The idea that a president of any country would ignore a scientist who’s spent his life studying pandemics in favor of a line tweeted by a game-show host is ludicrous, dangerous and insane.
Amazingly, there are people who still believe Donald Trump. He has deepened his commitment to the most extreme members of his base and hasn’t widened his appeal. But if you’re still a Trump fan, then you are buying everything he’s selling.
Finding die-hard Donald Trump fans isn’t tough.
Consider the conversation I had with one recently. We were outdoors. I wore a mask. He didn’t and was upset others did. He called the virus a hoax and told me I was giving up my liberty by wearing one. I told him I considered it respectful of others. He countered that the president didn’t wear one—he actually has been photographed twice in a mask—and what was good enough for Trump was good enough for him.
“If the president says it, then that’s the truth,” he told me.
“Kind of like Pharaoh,” I replied. “So let it be written, so let it be done type of thing?”
“Who?” I got a blank stare.
“It’s from a movie. Never mind,” I replied.
He constructs new narratives around his buzzwords but seems convinced that merely saying the catchphrases is all he needs to generate love among his cult followers.
As the Ten Commandments reference sailed over his head, he jumped back in, talking about the real problems facing our country. “If they really cared about social distancing and their loved ones they’d support border security.”
“Excuse me? What?” I felt like I was talking to my son before he knew how to say more than three words.
“Open borders is the ultimate virus spreader. It’s evil to blame Trump for Covid,” I was told. “You have China lying. You have a virus yet you blame Trump?”
Later in the conversation he admonished me for using the scientific method of investigating the cause of so many Americans coming down with the coronavirus. “Try some real digging and not that ‘scientific’ crap,” I was told.
In short, the Trump fan sounded like Trump himself.
Trump’s response to anything these days is so incoherent you can barely pick out words and phrases like “stock market,” “economy” and “law and order,” as he maintains the far left is attacking American institutions and statues that represent our history. He constructs new narratives around his buzzwords but seems convinced that merely saying the catchphrases is all he needs to generate love among his cult followers, who seem unbothered by the people with whom he surrounds himself.

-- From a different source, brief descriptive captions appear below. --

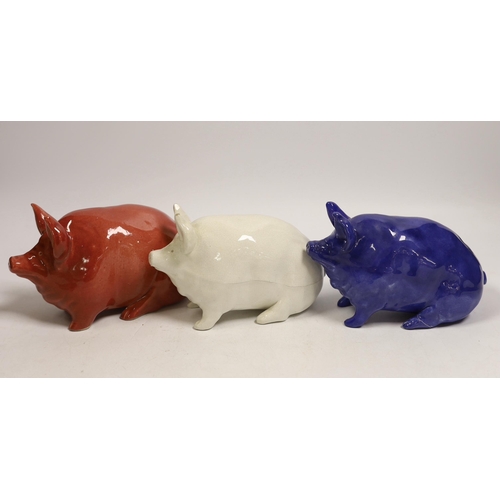 1476 - Three Wemyss ware pigs in cream, blue and pink glazes, 15cm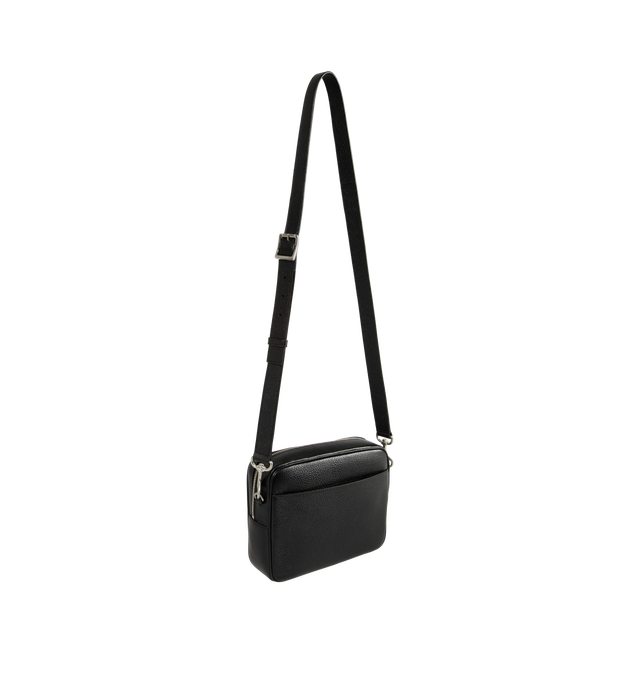 Image 2 of 3 - BLACK - Saint Laurent Men's Small Leather Camera Bag is crafted from grained leather and features a compact camera bag silhouette accented by the maison's signature lettered logo. Designed for everyday versatility, this style is finished with a removable and adjustable shoulder strap, a top zip closure, silver-tone hardware, and multiple pockets for organized storage. Main Material: Grained Leather. Hardware: Silver-Tone. Closure: Top Zip. Strap: Removable and Adjustable Shoulder Strap. Exter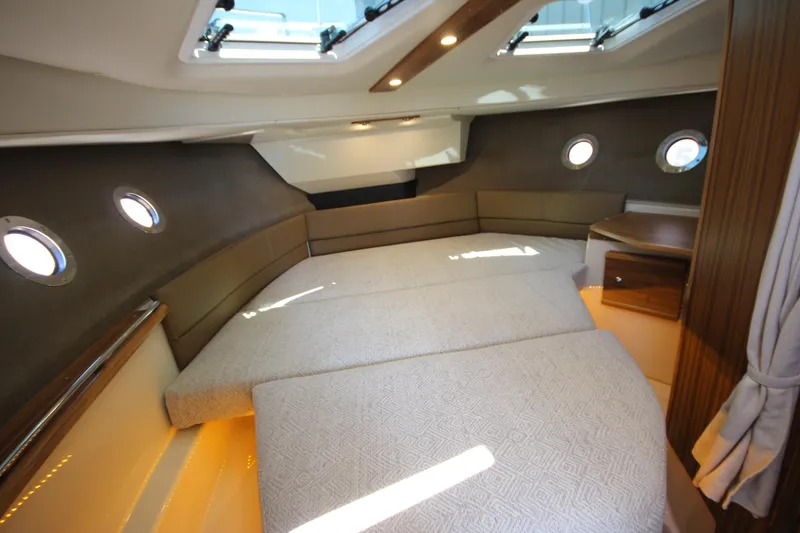 Slide: The Image of Luxurious interior cabin of 2026 Ranger Tugs R-29 S with elegant bedding and porthole windows. - 37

As the never-Trumpers at the Lincoln Project said this week: “Trump’s campaign manager is a felon. His deputy campaign manager is a felon. His national security advisor is a felon. His foreign policy advisor is a felon. His personal lawyer is a felon. His long-time advisor is a felon.”
Trump remains a cartoon villain, and his White House staff are like the Joker’s henchmen in the 1960s Batman television show.
He wants you to believe he’s the lovable rogue who wants to make our country great again. You know, like Han Solo’s bluff: “Uh, we had a slight weapons malfunction, but uh… everything’s perfectly all right now. We’re fine. We’re all fine here now, thank you. How are you?”
But he’s not.
Last week Trump made a huge push for reopening schools. There are a greater number of Americans getting the coronavirus now than when we closed the schools. But for economic reasons Trump says we should send kids back to class, and he threatened to withhold federal funds to school systems that do not comply. He’s no Han Solo. He might be an Emperor Palpatine wannabe.
When press secretary Kayleigh McEnany held one of her notoriously brief propaganda sessions last week, I asked her, “If it’s safe sending kids back to school, is it safe to send Manafort back to prison?”
McEnany did not answer. And that in itself is an answer. She, like Trump, is running out of steam.
Tuesday’s horrifyingly inept Rose Garden appearance showcased what some of us have been saying for a long time—Trump is not well.